AMD RDNA 1 & 2 GPU Driver Support Moved To “Maintenance” Mode, Game Optimizations & New Tech For RDNA 3, 4 & Beyond

This isn't a backtrack?

No, the RDNA 2 GPUs remain on a maintenance branch, as originally planned. They simply rephrased the same text due to the scale this issue reached.
Even Steve from Gamer Nexus noticed this. He even said that, judging by the language used, the text was written by a lawyer.
 
were they really going to sideline older GPUs?poor choice of words was the issue here
here is the populer arc raiders running on a rx580

 
"Market needs" sounds like "let's optimize for some new Call of Duty that comes out."

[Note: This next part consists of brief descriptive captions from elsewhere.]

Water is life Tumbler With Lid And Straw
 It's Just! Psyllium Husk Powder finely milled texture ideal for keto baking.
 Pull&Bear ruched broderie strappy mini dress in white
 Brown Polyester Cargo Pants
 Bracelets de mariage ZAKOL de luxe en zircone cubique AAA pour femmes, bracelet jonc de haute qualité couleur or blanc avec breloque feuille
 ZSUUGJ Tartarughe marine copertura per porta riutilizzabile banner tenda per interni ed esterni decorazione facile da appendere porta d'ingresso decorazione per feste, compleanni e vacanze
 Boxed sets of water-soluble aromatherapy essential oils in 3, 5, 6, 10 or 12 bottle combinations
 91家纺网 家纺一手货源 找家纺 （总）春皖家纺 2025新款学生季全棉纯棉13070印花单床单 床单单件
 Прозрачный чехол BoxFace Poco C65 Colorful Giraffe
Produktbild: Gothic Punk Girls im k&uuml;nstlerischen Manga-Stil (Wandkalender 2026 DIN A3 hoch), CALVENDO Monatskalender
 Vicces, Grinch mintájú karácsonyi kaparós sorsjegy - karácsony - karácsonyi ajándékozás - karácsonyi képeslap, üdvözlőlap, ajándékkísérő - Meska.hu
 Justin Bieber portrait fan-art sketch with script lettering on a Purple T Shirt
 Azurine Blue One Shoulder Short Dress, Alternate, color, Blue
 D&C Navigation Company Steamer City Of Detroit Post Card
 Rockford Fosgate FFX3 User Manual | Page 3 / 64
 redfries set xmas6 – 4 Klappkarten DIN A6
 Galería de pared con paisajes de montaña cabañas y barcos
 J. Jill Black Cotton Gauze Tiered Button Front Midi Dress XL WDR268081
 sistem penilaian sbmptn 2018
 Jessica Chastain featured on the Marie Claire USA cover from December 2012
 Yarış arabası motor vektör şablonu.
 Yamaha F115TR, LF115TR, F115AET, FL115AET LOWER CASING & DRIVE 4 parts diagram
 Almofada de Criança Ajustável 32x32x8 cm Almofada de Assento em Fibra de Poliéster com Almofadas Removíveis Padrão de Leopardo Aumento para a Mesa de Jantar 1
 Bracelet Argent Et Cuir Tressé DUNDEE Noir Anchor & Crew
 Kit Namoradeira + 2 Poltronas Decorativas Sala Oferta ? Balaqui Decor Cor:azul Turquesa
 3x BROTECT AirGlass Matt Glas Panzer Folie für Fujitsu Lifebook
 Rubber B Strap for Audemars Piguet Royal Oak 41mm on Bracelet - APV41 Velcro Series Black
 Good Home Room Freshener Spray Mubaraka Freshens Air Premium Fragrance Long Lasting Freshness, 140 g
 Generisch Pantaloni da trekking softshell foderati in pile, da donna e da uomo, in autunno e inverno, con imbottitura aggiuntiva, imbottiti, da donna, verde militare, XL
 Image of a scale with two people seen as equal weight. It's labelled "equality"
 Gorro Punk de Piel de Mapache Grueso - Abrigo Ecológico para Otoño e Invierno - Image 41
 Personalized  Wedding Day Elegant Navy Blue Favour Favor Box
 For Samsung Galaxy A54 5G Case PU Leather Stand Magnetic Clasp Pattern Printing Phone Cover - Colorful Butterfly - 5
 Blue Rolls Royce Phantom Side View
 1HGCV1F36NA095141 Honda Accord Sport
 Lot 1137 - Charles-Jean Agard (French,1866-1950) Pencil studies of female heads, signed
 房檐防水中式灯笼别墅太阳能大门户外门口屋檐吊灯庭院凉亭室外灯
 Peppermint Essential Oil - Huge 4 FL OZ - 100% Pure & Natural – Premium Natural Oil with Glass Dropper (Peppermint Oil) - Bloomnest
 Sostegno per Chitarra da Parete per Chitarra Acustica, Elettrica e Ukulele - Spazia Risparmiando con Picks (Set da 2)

AMD confirms RDNA1/2 will get game optimizations alongside RDNA3/4, Call of Duty Black Ops 7 included

200.gif
 
No. Nvidia only maintains security updates for those GPUs. The cutoff point for optimized drivers is for the RTX 2000 series.
AMD still provides security updates for GPUs prior to RDNA2. The problem is that there are no optimized drivers for RDNA1 and 2, from now on.
So what's the difference between "only maintains security updates" and "there are no optimized drivers for RDNA1 and 2, from now on"?

The cutoff point for optimized drivers is for the RTX 2000 series.
Not yet. Yesterday's Nvidia GRD release was still from R580 branch with Maxwell and Pascal support. This should be the last one though.
Press has been running way ahead of the moment on this one.
 
AMD's Radeon Preview driver from https://www.amd.com/en/resources/su...-notes/RN-RAD-MS-AGILITY-SDK-25-10-07-01.html

AMD Radeon™ RX 7000 and 9000 series graphics products will support:
  • Advanced Shader Delivery
    • Target AMD's plugin DLL directly using --plugin <Your_Path>\amdxc64.dll
  • Application-Specific Driver States (PIX)
  • Fence Barriers
    • Limitation: "MaybeReorderThreads" does not move threads
  • Tightening Placed Resource Alignment
  • Tiled Resource Tier 4
AMD Radeon™ RX 9000 series graphics products will support:
  • Cooperative Vectors 1.0

RDNA 1 and RDNA 2 are missing hardware features.

NVIDIA Turing and Ampere don't have Shader Execution Reordering i.e. it's NOP(no operation).
This is a word play on part of AMD.
"Limitation: "MaybeReorderThreads" does not move threads" means that the feature isn't actually working despite driver declaring support.
It is exactly the same as on Turing and Ampere where NVAPI also declares support which isn't doing anything - the code just runs without any reordering.
SER will likely be supported from RDNA5 onward on AMD's h/w.
 
Last edited:
This is a word play on part of AMD.
"Limitation: "MaybeReorderThreads" does not move threads" means that the feature isn't actually working despite driver declaring support.
It is exactly the same as on Turing and Ampere where NVAPI also declares support which isn't doing anything - the code just runs without any reordering.
SER will likely be supported from RDNA5 onward on AMD's h/w.
RDNA4 owner here , is this thing a big deal?
 
This is a word play on part of AMD.
"Limitation: "MaybeReorderThreads" does not move threads" means that the feature isn't actually working despite driver declaring support.
It is exactly the same as on Turing and Ampere where NVAPI also declares support which isn't doing anything - the code just runs without any reordering.
SER will likely be supported from RDNA5 onward on AMD's h/w.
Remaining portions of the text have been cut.